• Data excerpts:
====================
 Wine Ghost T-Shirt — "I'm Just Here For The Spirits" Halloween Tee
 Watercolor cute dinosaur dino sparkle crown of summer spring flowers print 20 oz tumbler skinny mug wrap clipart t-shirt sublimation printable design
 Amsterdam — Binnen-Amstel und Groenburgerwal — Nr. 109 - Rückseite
====================
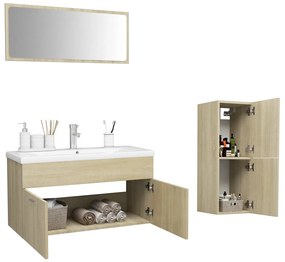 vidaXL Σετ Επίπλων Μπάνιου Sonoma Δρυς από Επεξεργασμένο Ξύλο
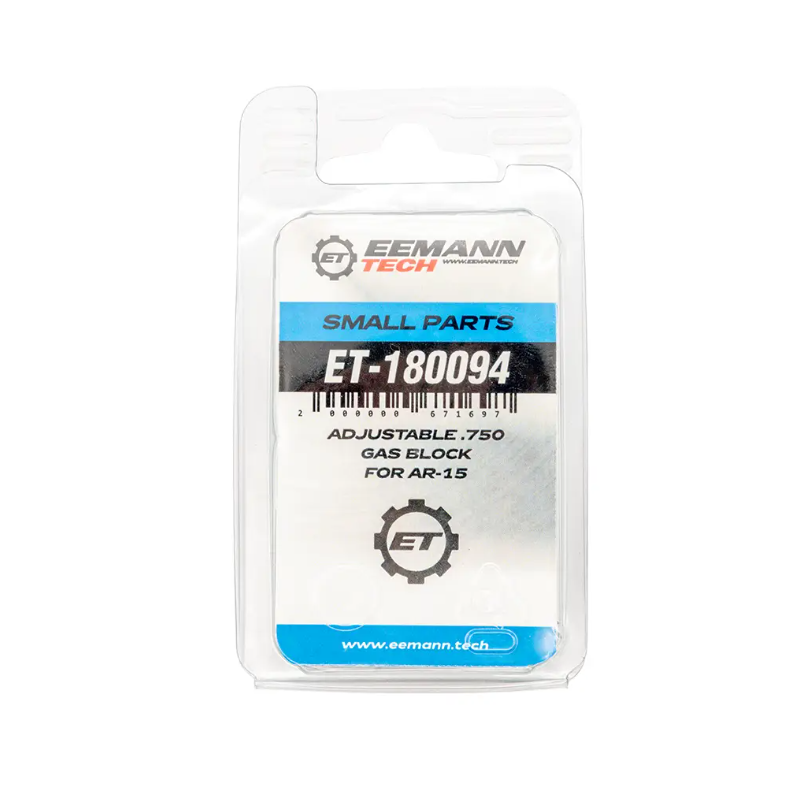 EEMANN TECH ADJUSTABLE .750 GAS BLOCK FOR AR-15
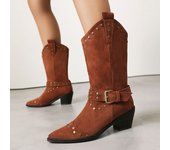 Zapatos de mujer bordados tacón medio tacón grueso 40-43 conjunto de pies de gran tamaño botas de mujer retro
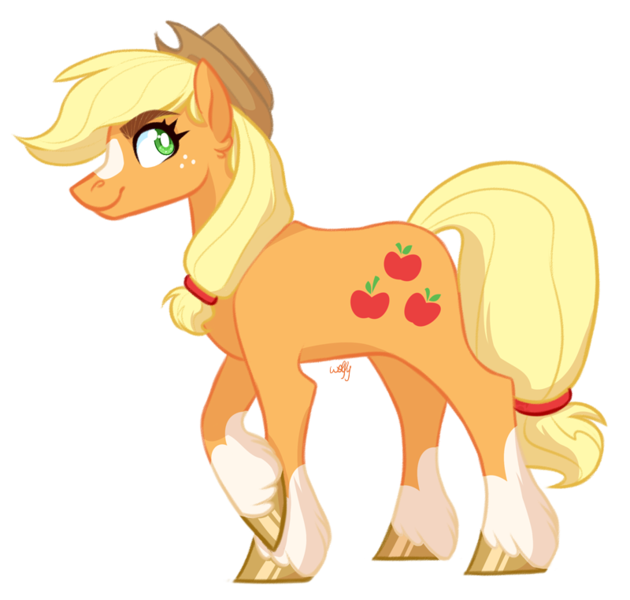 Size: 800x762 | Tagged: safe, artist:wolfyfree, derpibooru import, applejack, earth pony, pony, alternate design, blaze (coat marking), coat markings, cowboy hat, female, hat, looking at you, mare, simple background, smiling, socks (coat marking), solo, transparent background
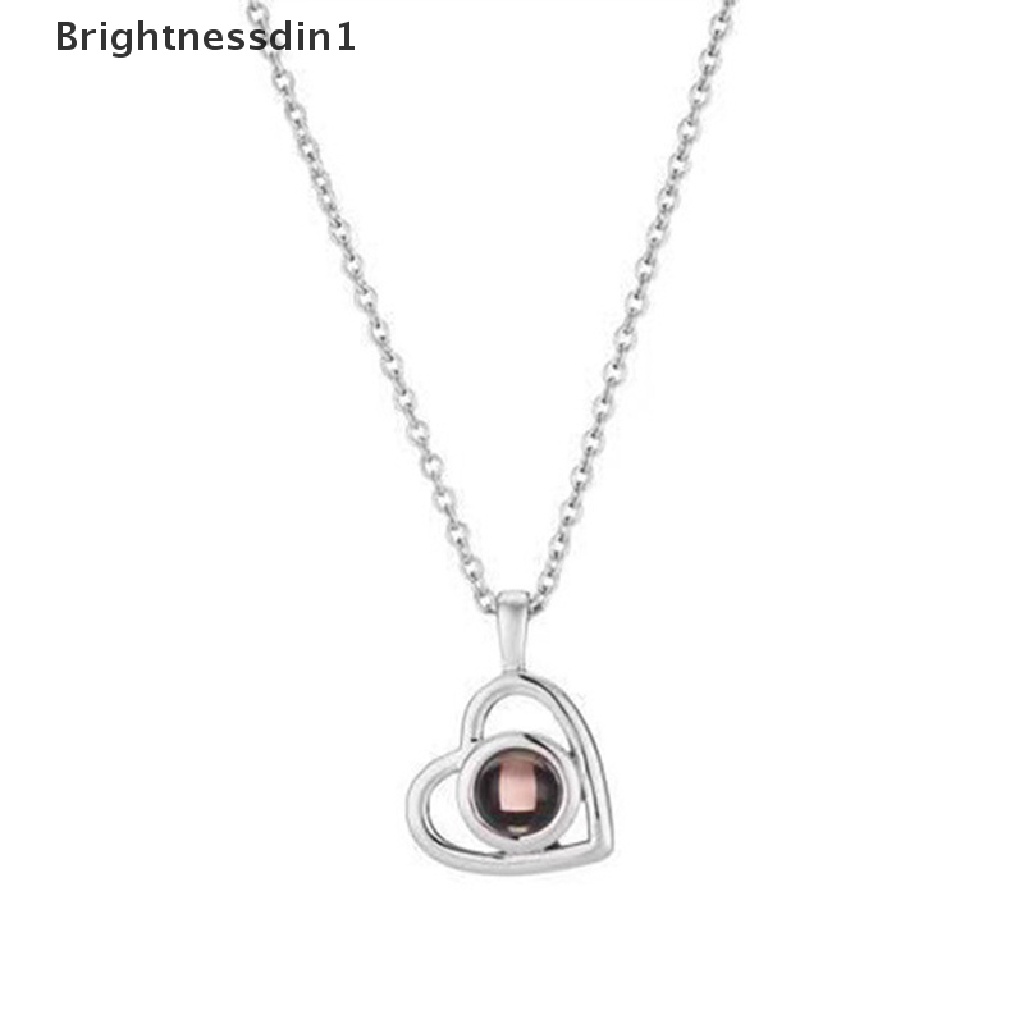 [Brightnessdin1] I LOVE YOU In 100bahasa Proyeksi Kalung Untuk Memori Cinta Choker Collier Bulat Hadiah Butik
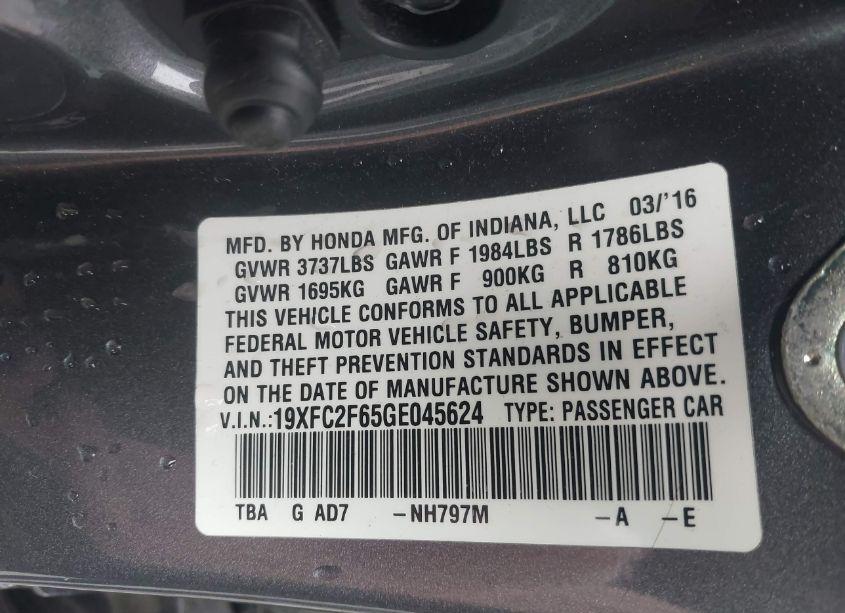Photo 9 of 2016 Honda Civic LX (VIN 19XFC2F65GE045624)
====================
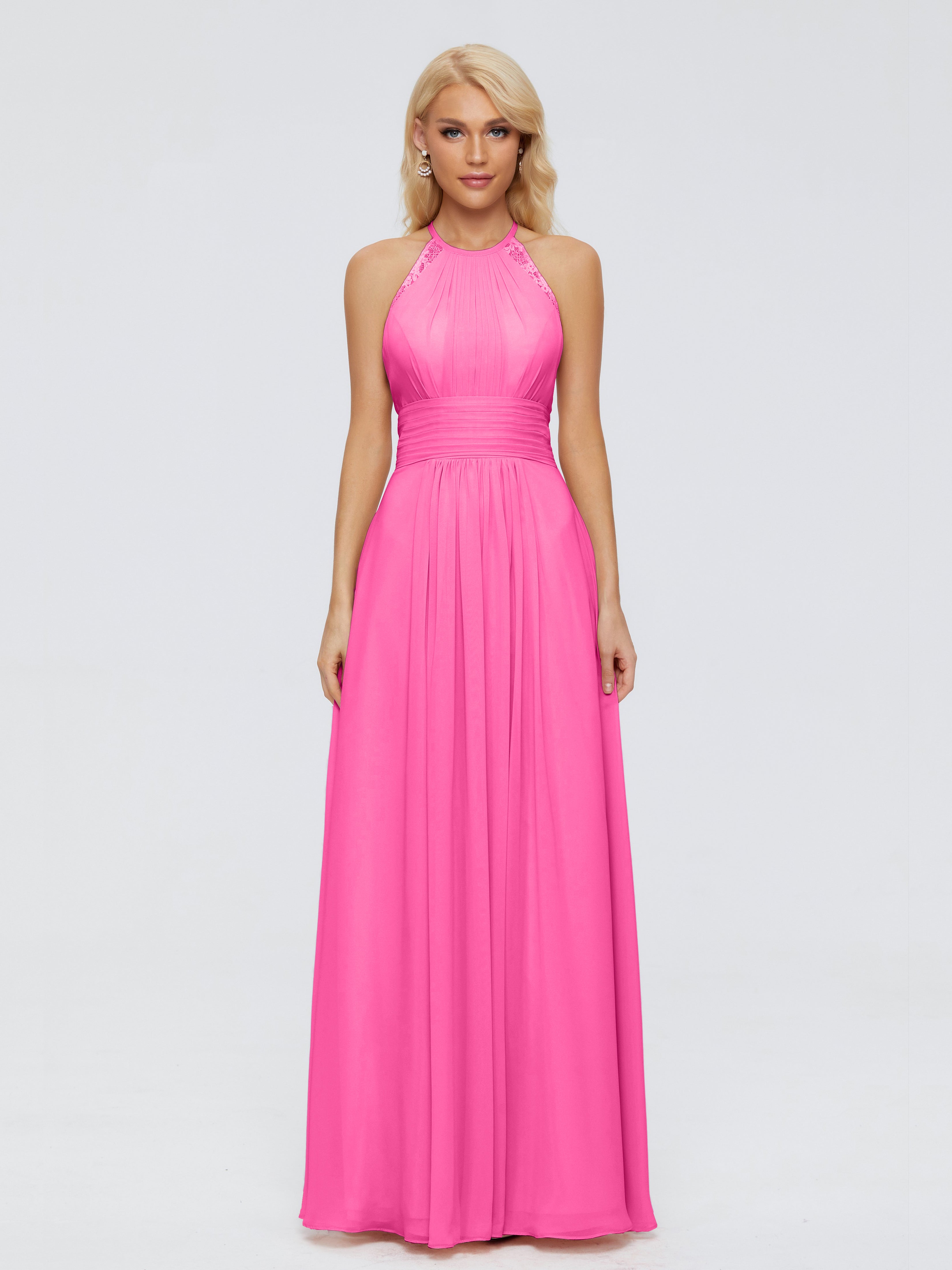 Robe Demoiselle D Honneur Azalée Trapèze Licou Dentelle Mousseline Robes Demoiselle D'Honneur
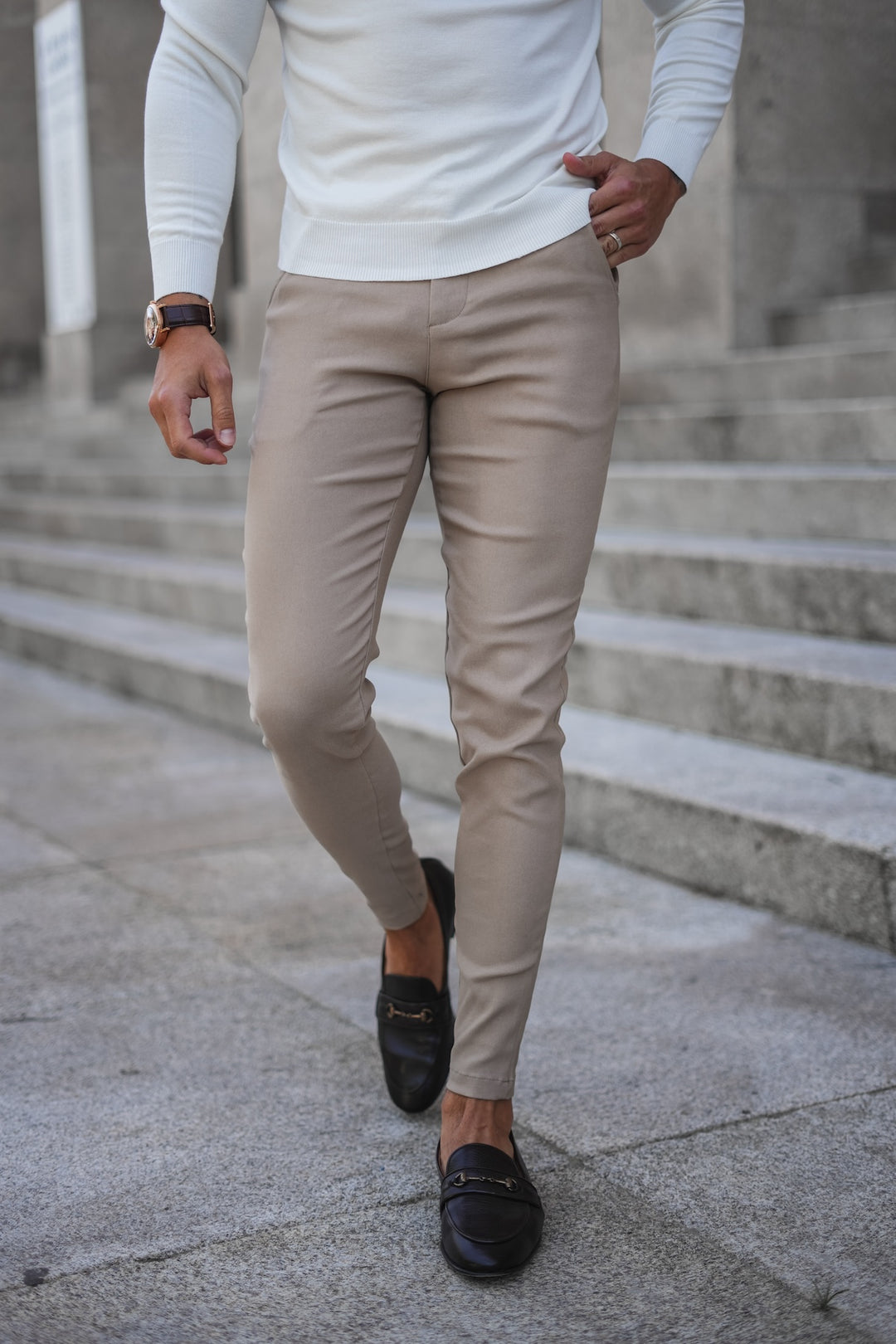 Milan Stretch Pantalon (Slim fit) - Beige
====================
• Problem to solve:
Give back exactly the lines above starting at the line where "Wine Ghost T-Shirt" appears and ending at the line where "Amsterdam — Binnen-Amstel" appears, both included, with no other lines.

• Answer area:
 Wine Ghost T-Shirt — "I'm Just Here For The Spirits" Halloween Tee
 Watercolor cute dinosaur dino sparkle crown of summer spring flowers print 20 oz tumbler skinny mug wrap clipart t-shirt sublimation printable design
 Amsterdam — Binnen-Amstel und Groenburgerwal — Nr. 109 - Rückseite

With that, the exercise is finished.